Configuration for keepalived on LB1/LB2 :
-----------------------------------------
vrrp_script chk_haproxy { # Requires keepalived-1.1.13
script "killall -0 haproxy" # cheaper than pidof
interval 2 # check every 2 seconds
weight 2 # add 2 points of prio if OK
}
vrrp_instance VI_1 {
interface eth0
state MASTER
virtual_router_id 51
priority 101 # 101 on master, 100 on backup
virtual_ipaddress {
192.168.1.1
}
track_script {
chk_haproxy
}
}
Description :
-------------
- LB1 is VRRP master (keepalived), LB2 is backup. Both monitor the haproxy
process, and lower their prio if it fails, leading to a failover to the
other node.
- LB1 will receive clients requests on IP 192.168.1.1.
- both load-balancers send their checks from their native IP.
- if a request does not contain a cookie, it will be forwarded to a valid
server
- in return, if a JESSIONID cookie is seen, the server name will be prefixed
into it, followed by a delimitor ('~')
- when the client comes again with the cookie "JSESSIONID=A~xxx", LB1 will
know that it must be forwarded to server A. The server name will then be
extracted from cookie before it is sent to the server.
- if server "webA" dies, the requests will be sent to another valid server
and a cookie will be reassigned.
Flows :
-------
(client) (haproxy) (server A)
>-- GET /URI1 HTTP/1.0 ------------> |
( no cookie, haproxy forwards in load-balancing mode. )
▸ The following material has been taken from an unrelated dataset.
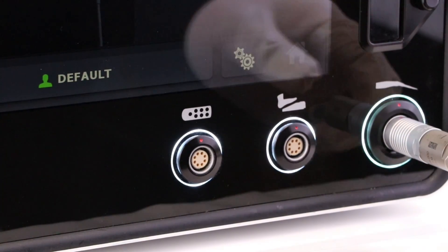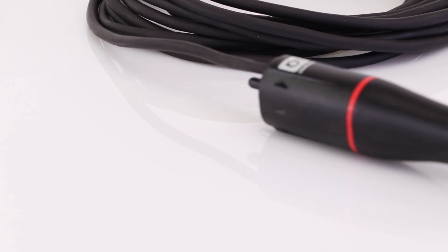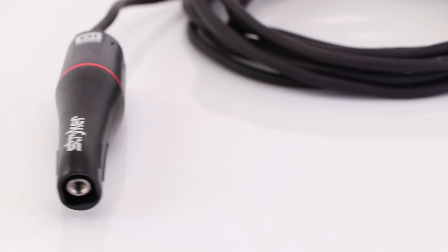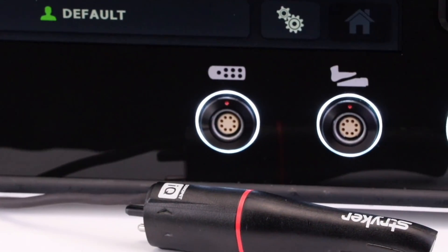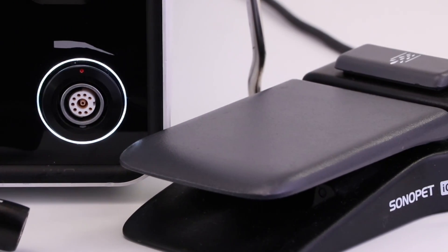Front-facing connections with color-changing feedback and a port light that signals proper setup, one-step connections for irrigation, suction tubing, and sleeve. Irrigation is integrated into the handpiece to improve visibility and control, and all components are labeled or color coded to make setup intuitive and the steps are non-sequential.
| >-- GET /URI1 HTTP/1.0 ---------->
| X-Forwarded-For: 10.1.2.3
| <-- HTTP/1.0 200 OK -------------<
( no cookie, nothing changed )
<-- HTTP/1.0 200 OK ---------------< |
>-- GET /URI2 HTTP/1.0 ------------> |
( no cookie, haproxy forwards in lb mode, possibly to another server. )
| >-- GET /URI2 HTTP/1.0 ---------->
| X-Forwarded-For: 10.1.2.3
| <-- HTTP/1.0 200 OK -------------<
| Set-Cookie: JSESSIONID=123
( the cookie is identified, it will be prefixed with the server name )
<-- HTTP/1.0 200 OK ---------------< |
Set-Cookie: JSESSIONID=A~123 |
>-- GET /URI3 HTTP/1.0 ------------> |
Cookie: JSESSIONID=A~123 |
( the proxy sees the cookie, removes the server name and forwards
to server A which sees the same cookie as it previously sent )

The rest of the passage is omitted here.